Let the children learn to rely on themselves as far as possible so that they can recognize oncoming danger and to meet or face these themselves. Our children must be taught the right way to cross the street and to carry knives and scissors so that they realise the danger in these activities and be cautious. Simply speaking we must tell our children to move ahead but warn them to watch their steps.

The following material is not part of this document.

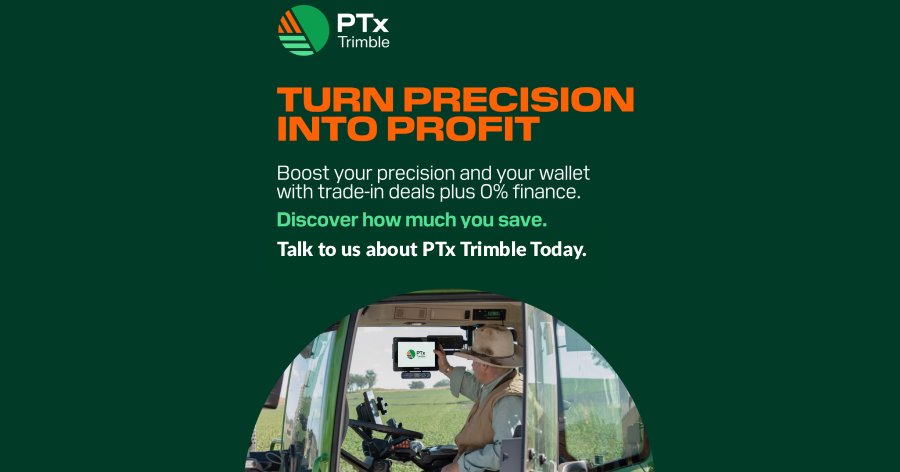 offer_1_2_ptx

Our children must have firm belief that things would turn out for the best and to brighten their lives they should learn to be cheerful. Optimism and cheerfulness among our children rest largely upon their good health and their faith in the parental love. To keep the children happy we need to do little things like giving a genuine word of praise, telling a little joke, singing a song, playing a game and providing simple toys. Parents should always show sympathy for pain and disappointment in the children.

It is absolutely vital that we as parents instil a habit of cleanliness among our children. Cleanliness brings good health and we all know that ―a sound body has a sound mind‖. We also know that cleanliness is next to godliness. Firstly, the parents should set good examples and then it will be easier to ask children to wash hands before meals and after visiting the toilets, brush teeth after every meal, comb hair properly and put on clean clothes. If we show our children clean and healthy attitude to life then our children will automatically learn to be clean and healthy.

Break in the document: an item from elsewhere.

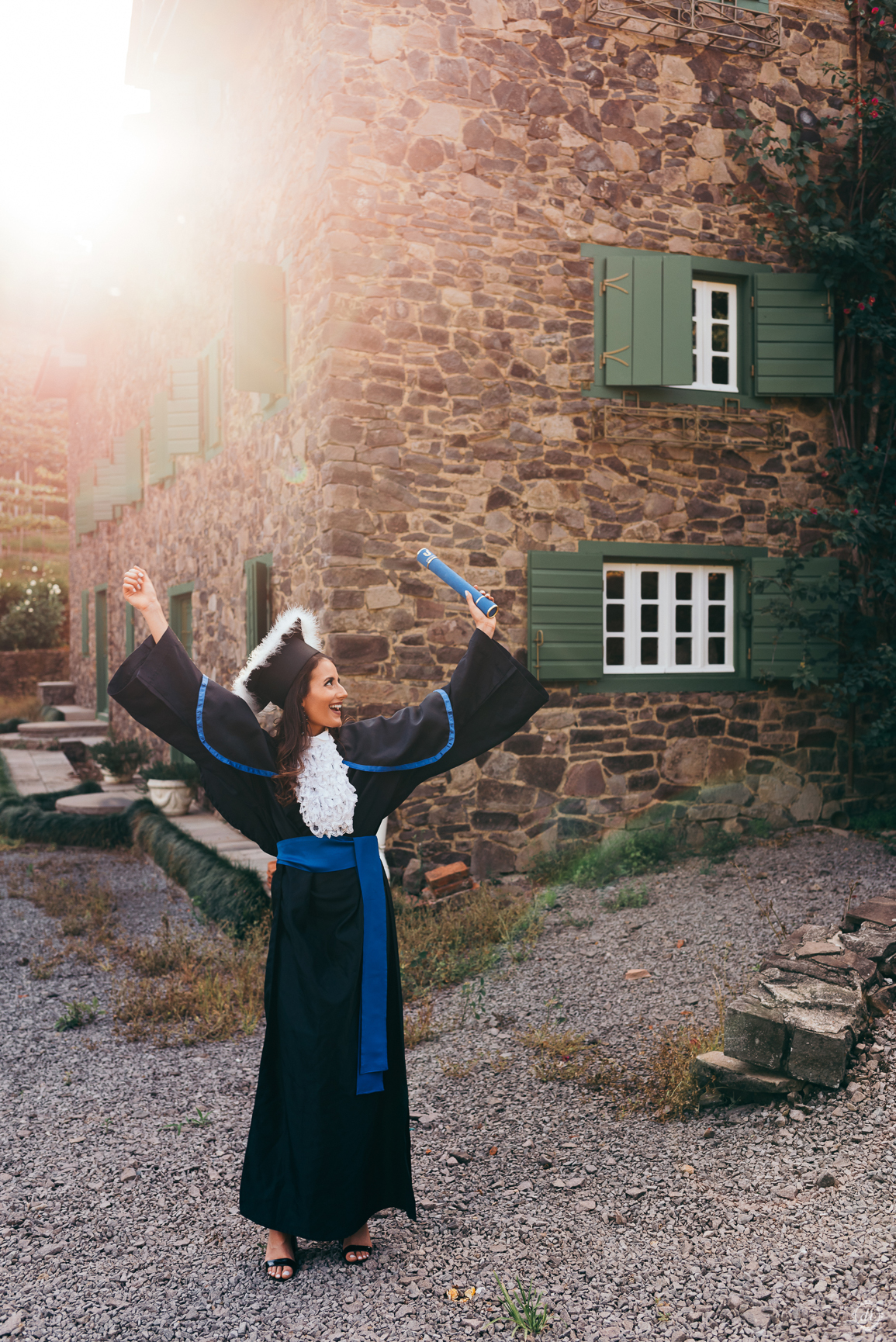 ensaio formatura villa matuella daniela radavelli fotografia ensaio na serra gaucha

The state of feeling sure and certain grows in the children gradually. If as parents we are to make our children confident, we are improving their chances of success. Instead of giving up and running away from difficult situations and undertakings they learnt to tackle these head-on. The confident children will size up, prepare themselves and tackle these tasks with determination and definitely show good progress and success.

We as parents should show our confidence in children‘s schoolwork, their teachers, friends and neighbours. Our faith will make the children develop better self-confidence as well as maintain confidence in others. So let us make our children realize their limitations because if they fail and understand the reasons for their failures then they will be better prepared to try again. We must let the children realize that they have the required confidence within them and they know that they can do the work.

The state of being satisfied with what one has is very rare quality in human beings. A wise family refrains from uttering such words as ―we wish we could afford that‖ or ―we wish our father had a better job and made more money‖. These attitudes will make the children discontented.

So it is better to make your children be thankful for and be appreciative of all the common and beautiful things around them rather than feel that they are never satisfied with whatever they have got. Teach your children to appreciate a bright day, sunny morning, moonlit night, colourful garden and everything that is around them. Let them be satisfied with whatever they have.

When we make our children learn to act jointly with another person for a common purpose we give them a sense of satisfaction. Our family works together in harmony and we have a smoothly running household. By making the children feel that they are important and necessary part of the group we can encourage cooperation.

It is good to let the children feel where they can help others and get help. Younger children seem eager to cooperate and usually take directives but as they grow older and become self-assertive then we must be tactful to ask, suggest and consult rather than directing and commanding them.